Lot 27
Alexander Young (A.Y.) Jackson, OSA, RCA (1882-1974)

Additional Images

Provenance:
Waddington's Auctioneers, Toronto, ON, 14 Jun 1984, lot 1031
Private Collection, Toronto, ON
Note:
A.Y. Jackson first visited Great Slave Lake in the Northwest Territories in 1928, on a riverboat trip with Dr. Frederick Grant Banting – inventor of insulin and a regular sketching companion of Jackson’s – and geologist Dr. James Macintosh Bell. At the time, the far north was, per Jackson, “a part of the country few Canadians at the time knew anything about”[1] and the resulting paintings broke new ground. Conditions were far from palatial – mosquitos were a constant menace – but Jackson was captivated by the rugged landscapes. Though he was anxious to return to the Northwest Territories, it would be a decade before that dream was realised.
In 1938, prospector Gilbert La Bine invited Jackson up to his mine at Eldorado, 400 kilometres north of Yellowknife, on the banks of Great Bear Lake. La Bine had discovered a radium deposit almost a decade earlier, and a small village known as Port Radium sprung up to service it. Jackson eagerly accepted the invitation, and after a few weeks spent painting in Georgian Bay was flown up to Eldorado.
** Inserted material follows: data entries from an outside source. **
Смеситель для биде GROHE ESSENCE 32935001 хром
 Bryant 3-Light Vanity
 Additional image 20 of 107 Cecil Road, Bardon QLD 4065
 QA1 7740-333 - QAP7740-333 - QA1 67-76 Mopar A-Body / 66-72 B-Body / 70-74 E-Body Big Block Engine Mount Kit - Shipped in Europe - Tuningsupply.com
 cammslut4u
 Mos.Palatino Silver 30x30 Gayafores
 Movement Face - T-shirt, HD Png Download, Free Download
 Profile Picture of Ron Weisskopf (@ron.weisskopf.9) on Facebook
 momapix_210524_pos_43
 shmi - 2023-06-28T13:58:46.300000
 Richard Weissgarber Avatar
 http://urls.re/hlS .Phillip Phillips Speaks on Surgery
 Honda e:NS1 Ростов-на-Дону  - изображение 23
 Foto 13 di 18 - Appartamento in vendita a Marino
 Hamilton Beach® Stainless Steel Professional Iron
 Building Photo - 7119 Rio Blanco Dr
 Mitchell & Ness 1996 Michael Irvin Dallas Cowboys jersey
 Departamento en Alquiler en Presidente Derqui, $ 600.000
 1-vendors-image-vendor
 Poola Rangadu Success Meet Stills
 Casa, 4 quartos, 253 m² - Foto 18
He spent six undisturbed weeks working in this remote part of the country where “everything that takes place does it over a thousand miles.”[2] Jackson enjoyed painting both the wilderness of the Barren Lands and the tiny town of Port Radium from a variety of vantage points.
Jackson would return to Port Radium in 1949, a trip he took after completing his final summer teaching at Banff. He was accompanied by geologist Maurice Haycock. The two would return the following year, and Jackson would visit again in 1951, in the company of mining employee John Rennie. By then, Port Radium had become home to roughly 200 people, as well as the Hudson Bay Company and RCMP outposts, a post office, a radio station and other government offices. Dennis Reid writes that Jackson’s "attention would be drawn increasingly to that extensive part of the country that neither contained the soil nor enjoyed the climate to sustain settled life, but that nonetheless drew hardy, adventurous men with its promise of hidden wealth.”[3]
We are pleased to offer two paintings from these later Eldorado trips in this auction: lot 26, Eldorado Mines, Great Bear Lake, 1950 and lot 27, Rock Form Eldorado Mines, September 1949.
[1] Wayne Larsen, A.Y. Jackson: The Life of the Landscape Painter (Toronto: Dundurn Press, 2009), 334.
[2] Naomi Groves, A.Y.’s Canada (Toronto: Clarke, Irwin & Company Limited, 1968), 208.
[3] Dennis Reid, Alberta Rhythm: The Later Work of A.Y. Jackson (exh. cat.) (Toronto: Art Gallery of Ontario, 1982), 13.